#### What the exercise asks:
Starting at the line that holds "Vintage Gitano Cardigan", reproduce each line exactly up to and including the last line of the records below. Pictures stay out.
▬▬▬▬▬▬
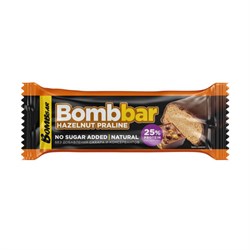 Батончик BOMBBAR "Фундучное пралине" без сахара 40 г, шоу-бокс, ББР100 - фото 17349349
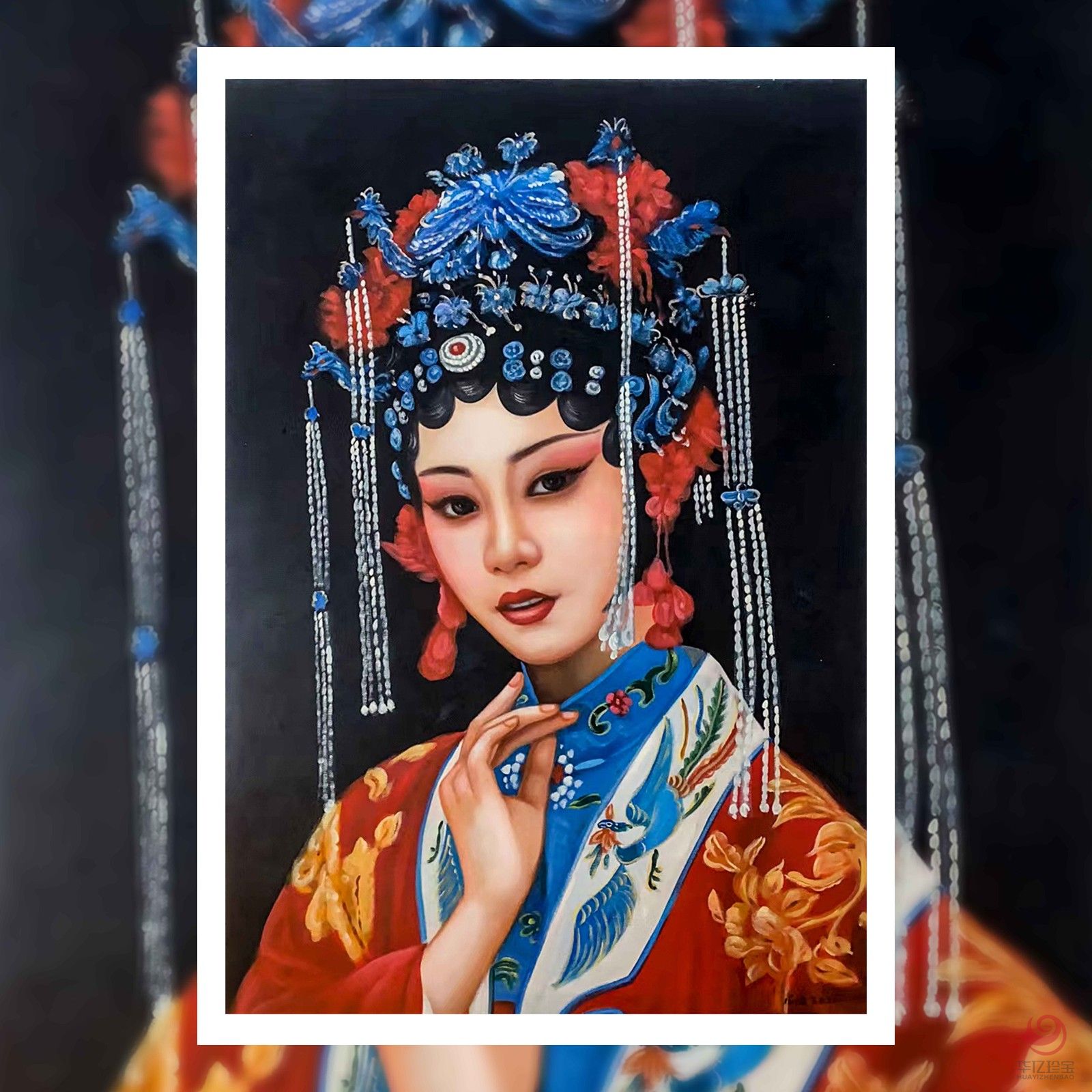 张向工油画戏剧人物作品  90*60cm  4.86平尺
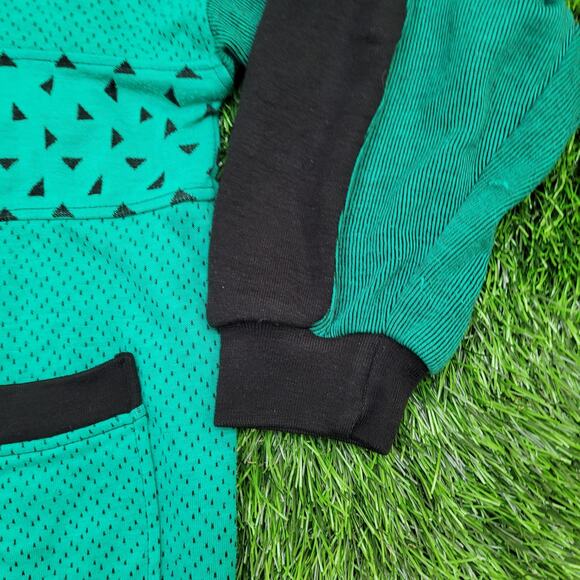 Vintage Gitano Cardigan Womens Small 22x26 Baggy Blue-Green 90s Y2K - Picture 5 of 13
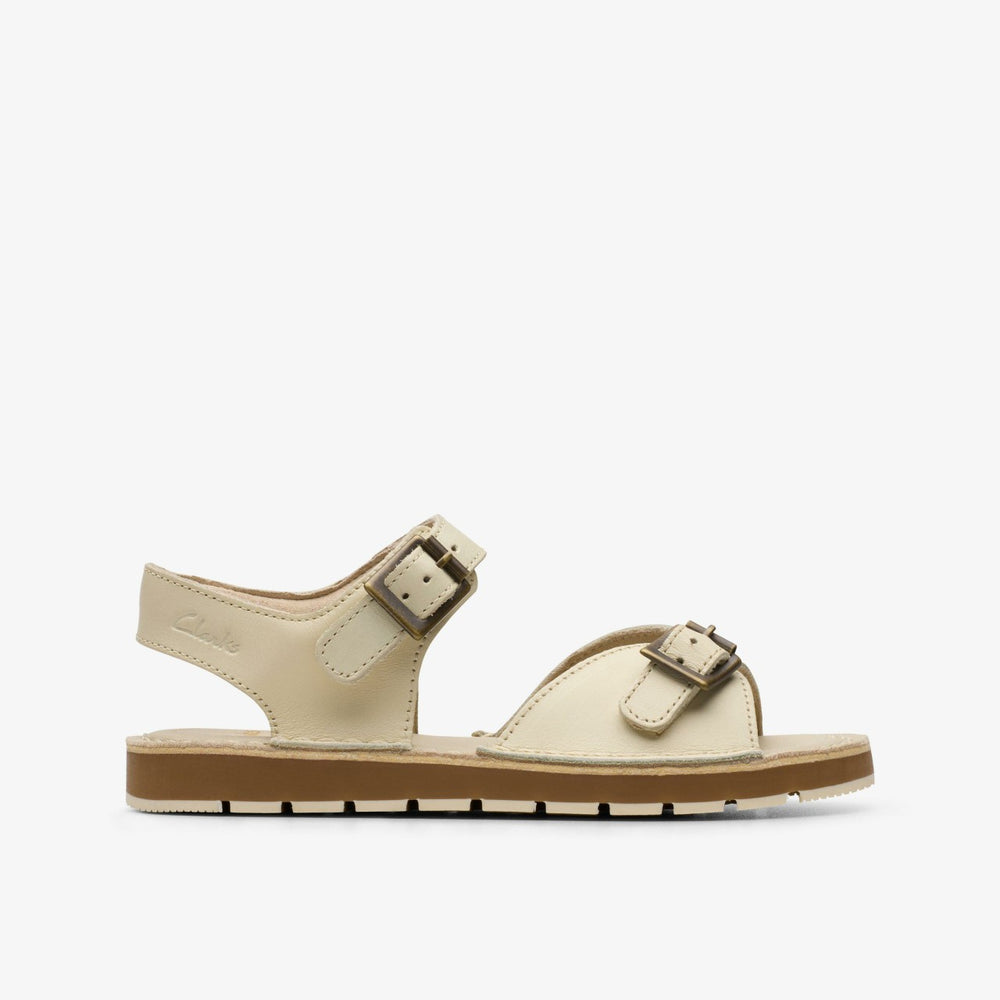 Playsun Kid Off White Leather | Clarks Sale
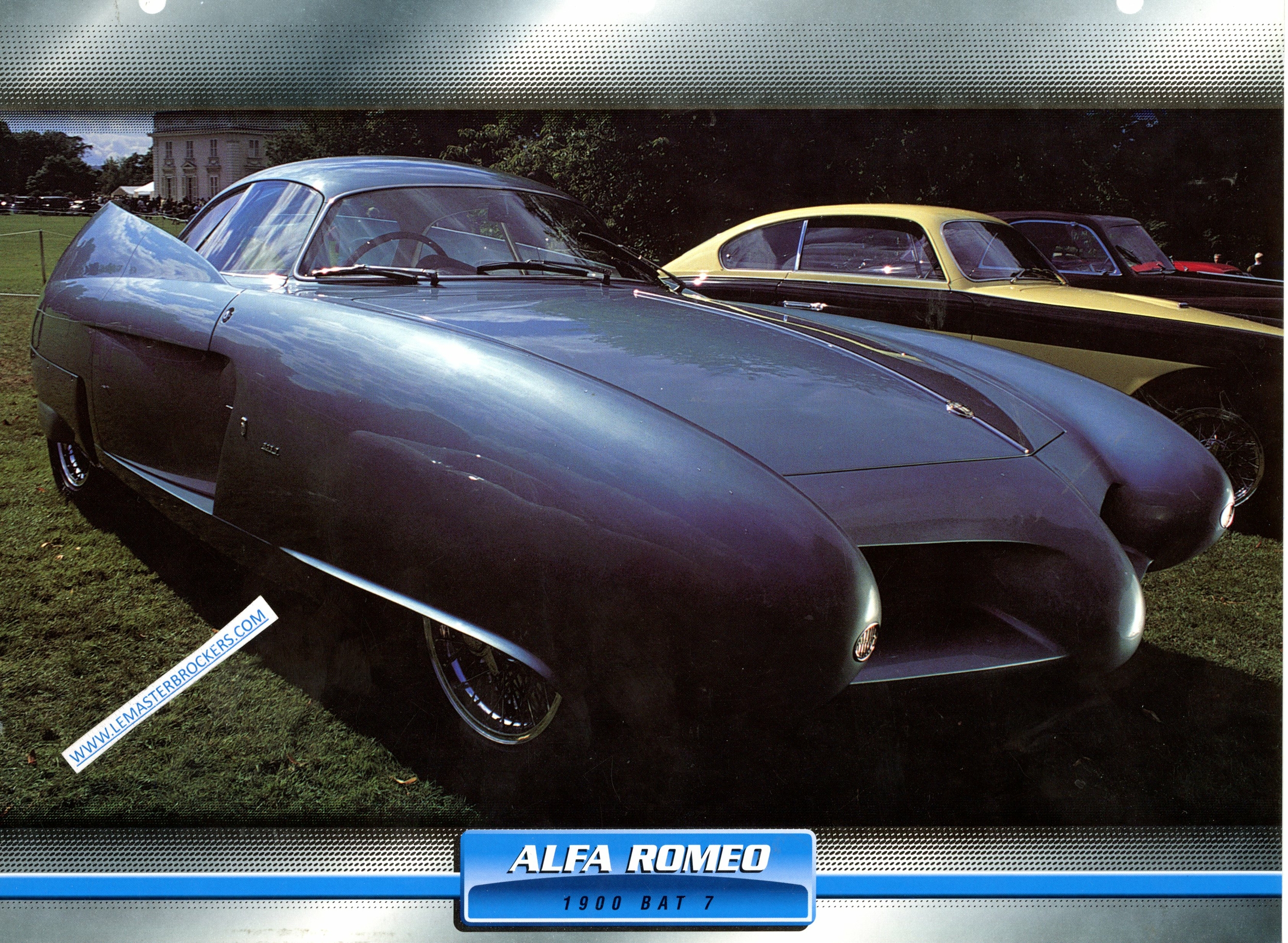 FICHE ALFA ROMEO 1900 BAT7 1954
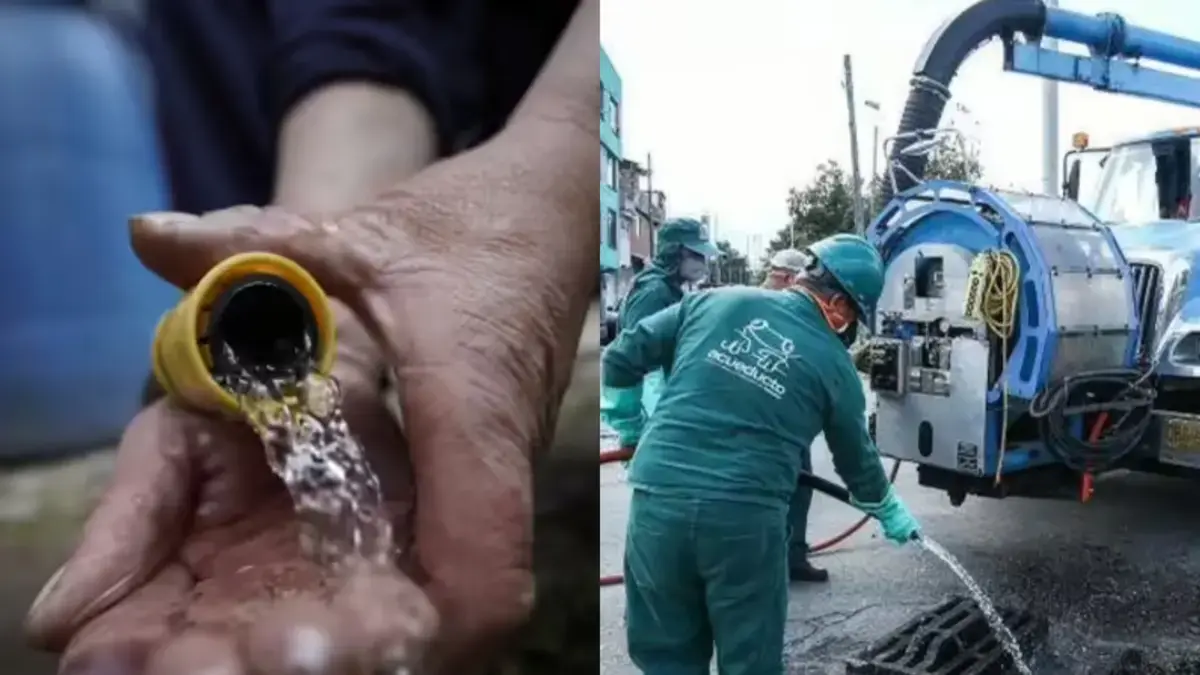 ¡Pilas! Cortes de agua en Bogotá durante cinco días del 15 al 19 de septiembre: consulte si su barrio será afectado por la suspensión
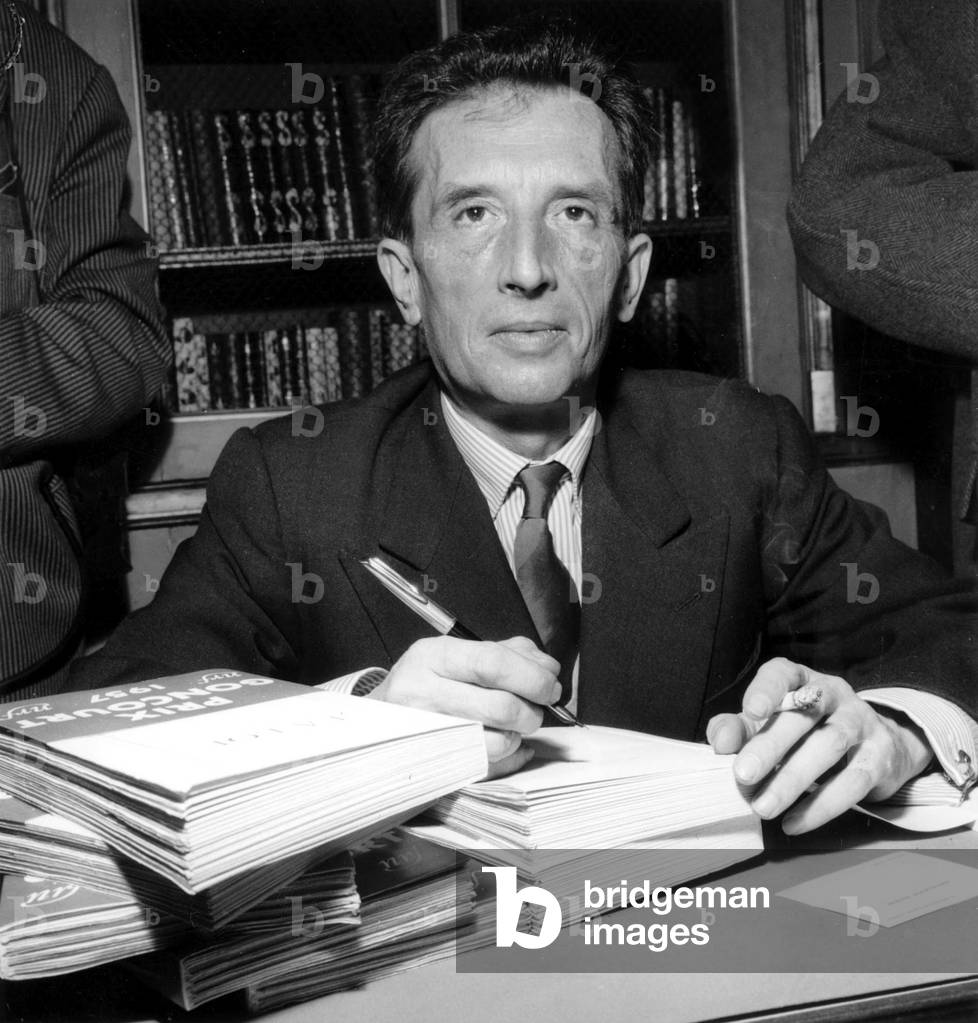 Roger Vailland (1907-1965) French Novelist here in 1957 (b/w photo)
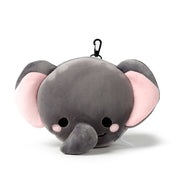 Relaxeazzz Adoramals Janu the Elephant Plush Travel Pillow & Eye Mask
▬▬▬▬▬▬
#### Result of the task:
 Vintage Gitano Cardigan Womens Small 22x26 Baggy Blue-Green 90s Y2K - Picture 5 of 13
 Playsun Kid Off White Leather | Clarks Sale
 FICHE ALFA ROMEO 1900 BAT7 1954
 ¡Pilas! Cortes de agua en Bogotá durante cinco días del 15 al 19 de septiembre: consulte si su barrio será afectado por la suspensión
 Roger Vailland (1907-1965) French Novelist here in 1957 (b/w photo)
 Relaxeazzz Adoramals Janu the Elephant Plush Travel Pillow & Eye Mask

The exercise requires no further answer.